In its purest form, proportional representation is very simple: parties are given seats based on the percentage of the popular vote they obtain.

Since Doug Ford's PCs won roughly 40 per cent of the popular vote in last week's Ontario election, they would get 51 of the 124 seats in the legislature — short of the 63 needed to form a majority government.

Under the same system, the Ontario Liberals would have obtained three times more seats, while the NDP's numbers would have remained the same. Green Party Leader Mike Schreiner, elected in the riding of Guelph, would have gotten a whole posse to join him at Queen's Park too, since 4.6 per cent of the popular vote equals roughly six seats.

"These results are radically different," Fair Vote Canada president Réal Lavergne said. Under proportional representation, "you're more likely to have four or five dominant parties and those parties have to create coalitions ... Decisions have to be made by consensus."

All of this would have created an opportunity for a potential coalition government.

"Of course, with a different system, people might have voted completely differently," acknowledged York University politics professor Dennis Pilon, who has written two books on voting systems.

But proportional representation also has its failings. In Israel, for example, governments tend to be unstable because the large number of coalition parties can't always agree, often leading to early elections.

Scenario 2: Mixed-member proportional

If Ontarians voted under mixed-member proportional representation, voters would cast two ballots: one for a local MPP to represent their riding, and one for the party of their choice. In some cases, that second ballot can also be cast for a regional candidate.

Most of the seats in the legislature would be held by locally elected MPPs. But a significant chunk of other seats — as much as a third of the legislature — would be used to "top up" some parties to better reflect the popular vote.
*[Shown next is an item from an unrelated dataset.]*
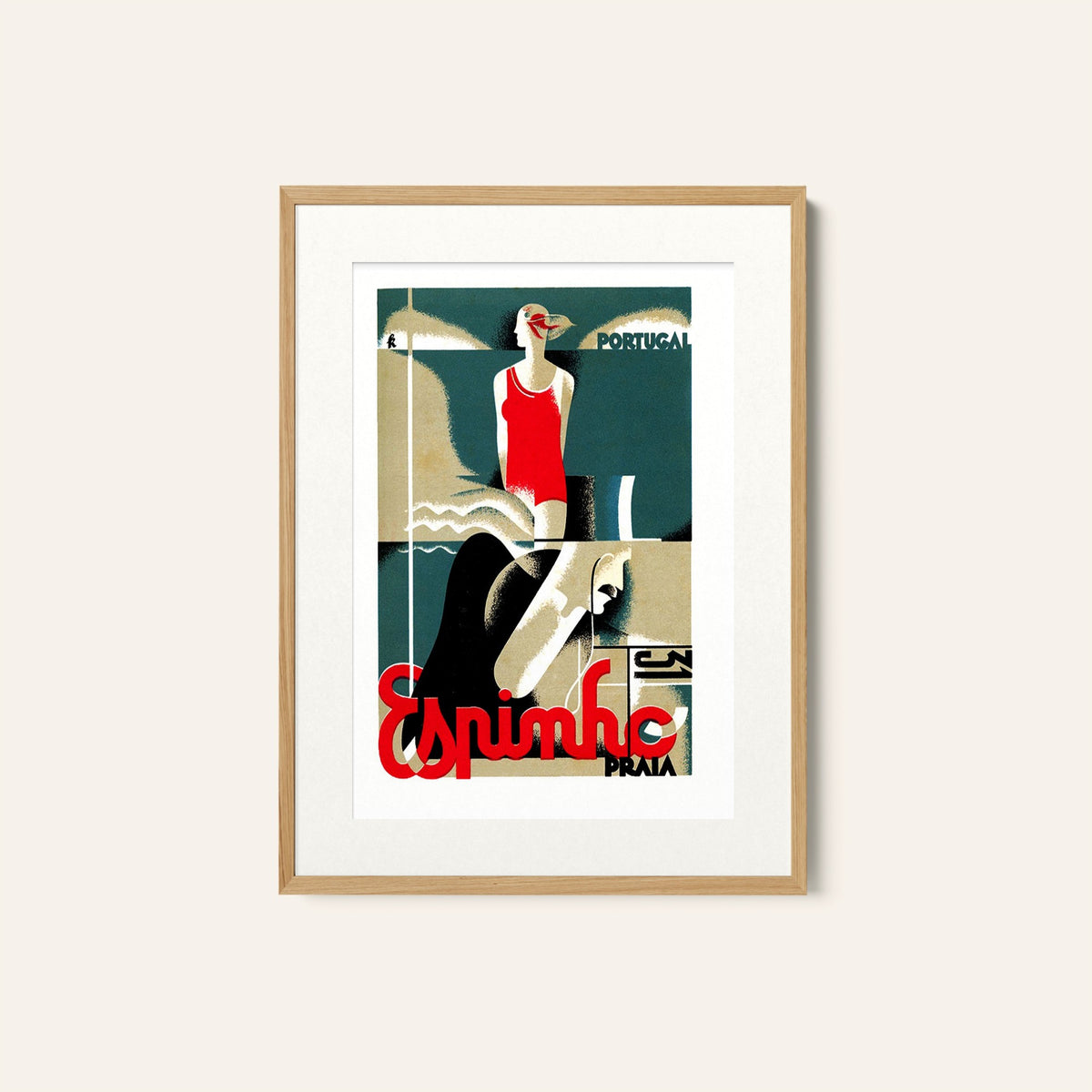 portugal Travel Poster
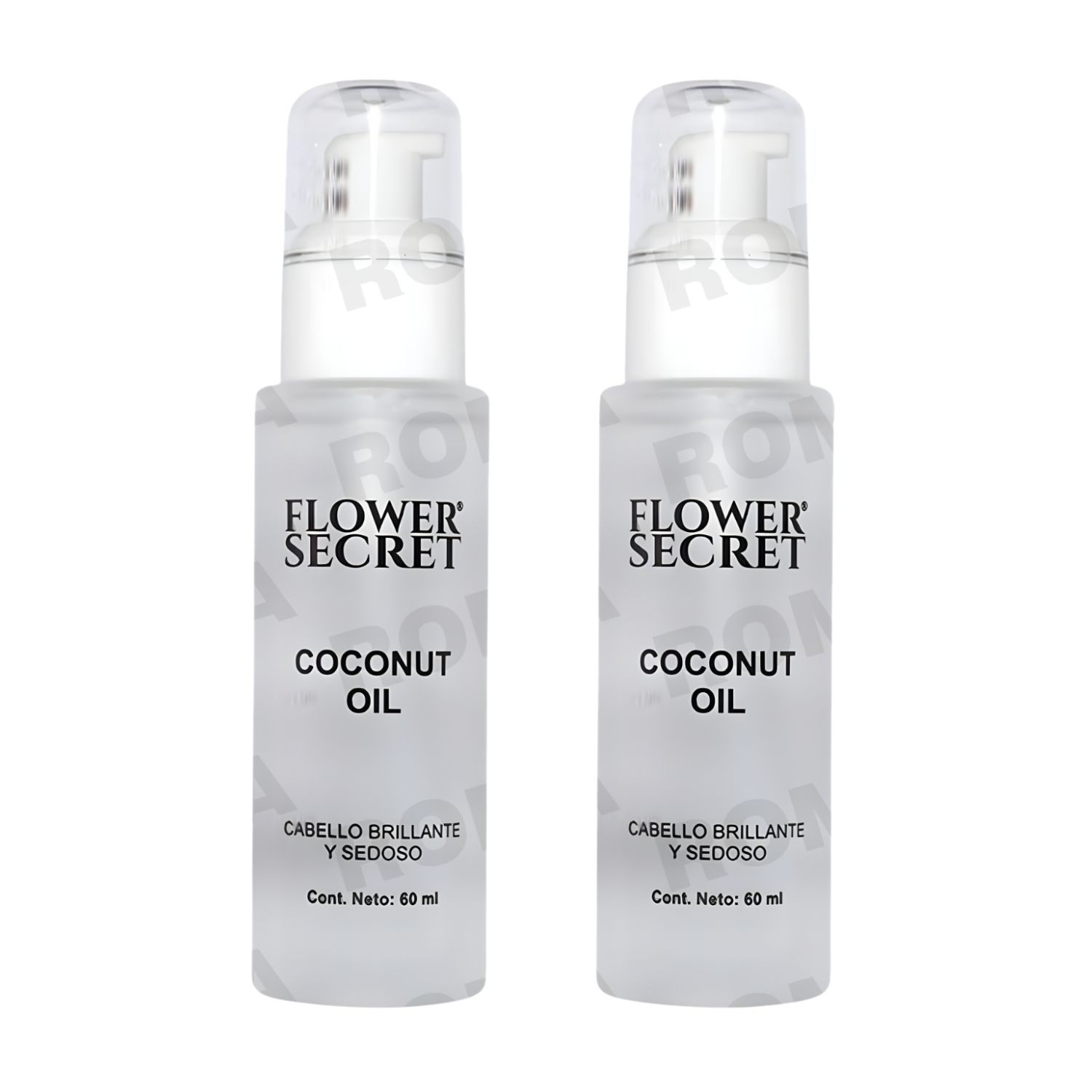 PACK 2 ACEITE DE COCO 60ML FLOWER SECRET - 1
In last week's election, where the Liberals got 20 per cent of the vote but six per cent of the seats, they would have received a top-up of 16 seats, using a common type of MMP.

New Zealand, Germany and Scotland have versions of this system.

MMP isn't a new concept in Canada. In 2004, the Law Commission of Canada recommended it in a report evaluating alternatives for the House of Commons. It was also rejected in an electoral reform referendum in Ontario in 2007. The New Democratic Party of Canada has been a longtime supporter of MMP, calling it the best way "to make every vote count."

Scenario 3: Parallel voting

Parallel voting, also known as mixed-member majoritarian, was also considered in 2004. It's how Japanese, South Korean, Taiwanese and now Italian voters elect their governments.

Voters elect a percentage of members in the legislature using the first-past-the-post system, and another portion is elected by pure proportional representation.

If Ontarians voted using a parallel system with one-third of the seats being proportional, they would still have a majority Conservative government with 68 seats, along with 40 seats for the NDP. The Liberals would score nearly twice as many seats though, and the Greens would have a caucus of three MPPs.

Hard to get reform, critics says

No matter which proportional model is used, York University's Pilon says, it would reflect voter's choices better than the current first-past-the-post system.

But there are other factors to consider. After coming to power on a promise of electoral reform, the federal Liberal government now defends first-past-the-post, while acknowledging it's "not perfect." 

"It has served this country for 150 years and advances a number of democratic values that Canadians hold dear, such as strong local representation, stability and accountability," Minister of Democratic Institutions Karina Gould said last year at a parliamentary committee hearing.

No matter who's in power, changing voting systems in Canada would be difficult, Fair Vote Canada's Lavergne says. "Electoral reform depends on those who are elected to power under the current system, to change the system. They don't have any incentive to do that."